Franklin McCallie, a retired principal of Kirkwood High School, believes it is important to continue talking across racial lines.  “Most white people just don’t understand the problems blacks have faced and still face in our society -- largely a white controlled and dominated social structure,” he said. “Since most whites have very little contact with black people -- and most of what they have is on a very surface level -- they just are not concerned with problems that are not theirs. 

“Black citizens perceive that their problems are often brought on by the inability of white neighbors to understand what blacks are facing,” added McCallie, who himself is white. “For example, most white families don’t think twice about the fact that the number of black teachers and administrators in the Kirkwood School District has taken a nose-dive in the last few years, but black parents see it immediately and worry about it constantly. White parents should worry, too.”

‘Out of the mouths of babes’

Robert Archibald, president of the Missouri Historical Society, spoke at the last meeting of CFUH that discussed race, one held in November at the Kirkwood Methodist Church.
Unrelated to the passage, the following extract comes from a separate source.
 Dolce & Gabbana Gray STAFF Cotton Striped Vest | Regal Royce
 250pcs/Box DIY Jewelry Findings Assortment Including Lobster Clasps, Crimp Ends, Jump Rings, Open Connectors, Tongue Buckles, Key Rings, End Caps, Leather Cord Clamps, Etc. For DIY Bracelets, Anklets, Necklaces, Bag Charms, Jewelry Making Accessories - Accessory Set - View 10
He recalled meeting with a group almost equally divided between whites and blacks. Archibald, who is white, asked how many knew about the 1917 race riots in East St. Louis. The blacks’ hands went up, and each had a tale that had been handed down orally through the family.

He told the Kirkwood residents that their challenge was “to tell a story where everybody can find themselves.”

A young girl in the audience was hard at work on just such a story. Daija Mister, 12, is member of a Nipher Middle School civil rights team trying to tell the history of Meacham Park.

“We’re doing a project in school on Meacham Park,” said Daija, who is African-American and lives outside Meacham Park.  “But parents say it is a bad place for kids to go. We’re trying to tell people it’s not a bad neighborhood.”

It turns out that parents of some of the white children on the Nipher civil rights team don’t want their children walking to Meacham Park to collect information.

Daija’s teacher, Florence Borman, stood nearby while Daija spoke. Borman smiled wanly. “Out of the mouths of babes,” she said. Borman, who is white, marvels that some adults don’t see the race problem. “The kids see it. Why can’t the adults?”

William H. Freivogel is a professor in the Southern Illinois University's School of Journalism, a contributor to St. Louis Public Radio and publisher of the Gateway Journalism Review.